Uniform Lu₂O₃:Eu³⁺ nanowire arrays were successfully prepared by the sol-gel process using anodic aluminum oxide (AAO) templates. The as-synthesized nanowires are homogeneous, highly ordered, and dense and have a uniform diameter of ~300 nm defined by the AAO templates. The X-ray diffraction and selected area electron diffraction results show that the Lu₂O₃:Eu³⁺ nanowires have a polycrystalline cubic structure, and the crystallite size of the Lu₂O₃:Eu³⁺ nanowires is confined by the AAO template.
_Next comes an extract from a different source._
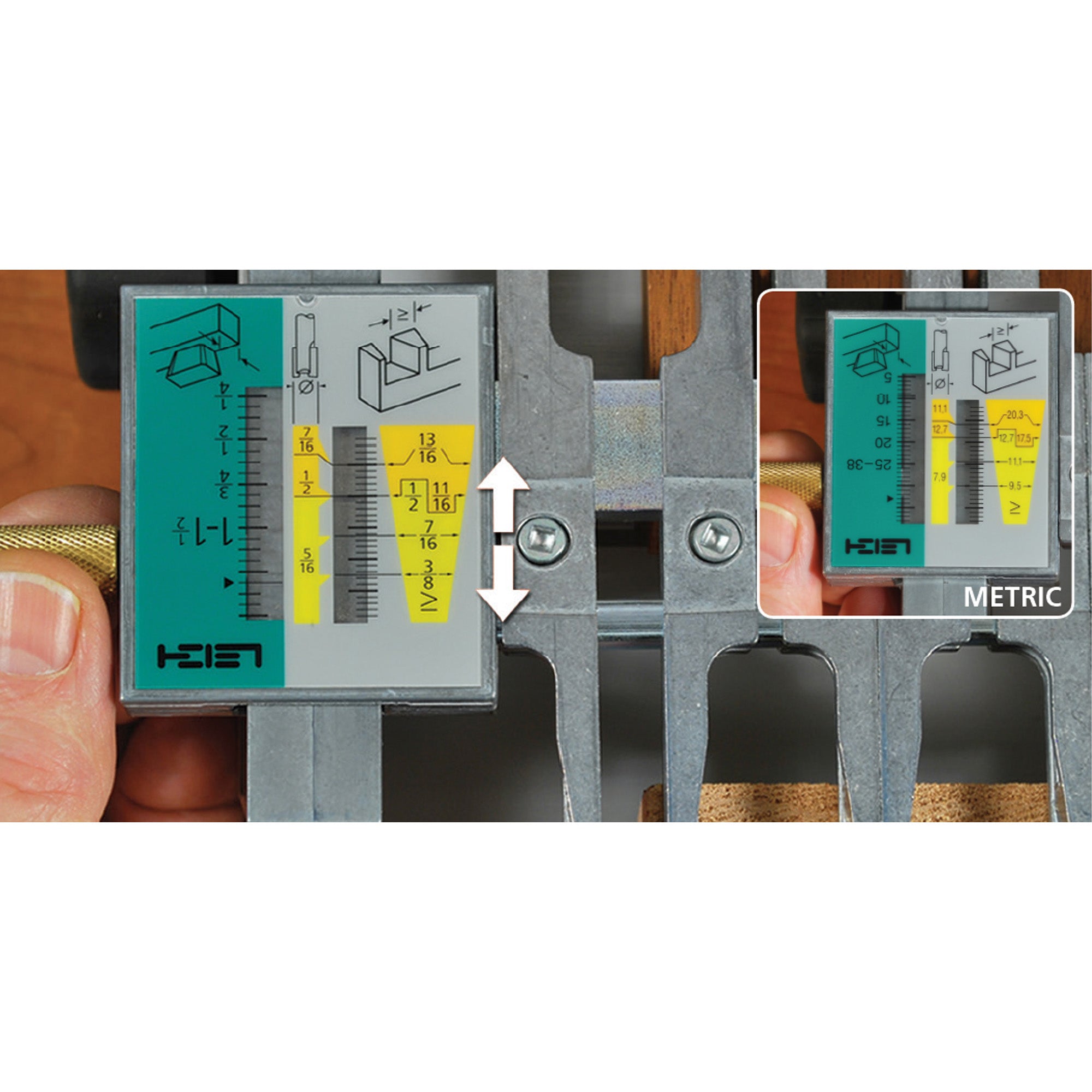 Leigh D4R Pro Dovetail Jig with VRS D24 Accessory Kit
The nanowires within the AAO template showed good photoluminescence and X-ray-excited optical luminescence performances for Lu₂O₃:Eu³⁺. The emission peaks were attributed to the ⁵D₀ → ⁷F_J transitions of Eu³⁺ (J = 0, 1, 2, 3).

1. Introduction

Nanowire arrays have attracted extensive attention because of their fascinating properties, and they can be used in a wide range of areas, including electronics and photonics, energy generation and storage, sensors, and catalysis [1,2,3,4,5]. Over the past decades, many effective approaches have been developed to fabricate nanowire arrays [4,5,6,7]. Among these methods, templated synthesis provides a simple and cost-effective way to precisely control the size, shape, configuration, and direction of otherwise unattainable nanowire arrays. Because of their orderly aligned and well-controllable pores with ideally cylindrical shape, nanoporous anodic aluminum oxide (AAO) has been successfully used as a template to fabricate a vast variety of nanowire arrays using methods such as electrochemical deposition, electroless deposition, chemical and physical vapor deposition, sol-gel deposition, and pressure injection [8,9,10,11]. Sol-gel processing combined with an AAO template has been proven to be a powerful approach for the stoichiometric synthesis of ordered arrays of diverse nanowires because of its advantages such as low synthesis temperature, homogeneous multi-component, and simple equipment [12,13].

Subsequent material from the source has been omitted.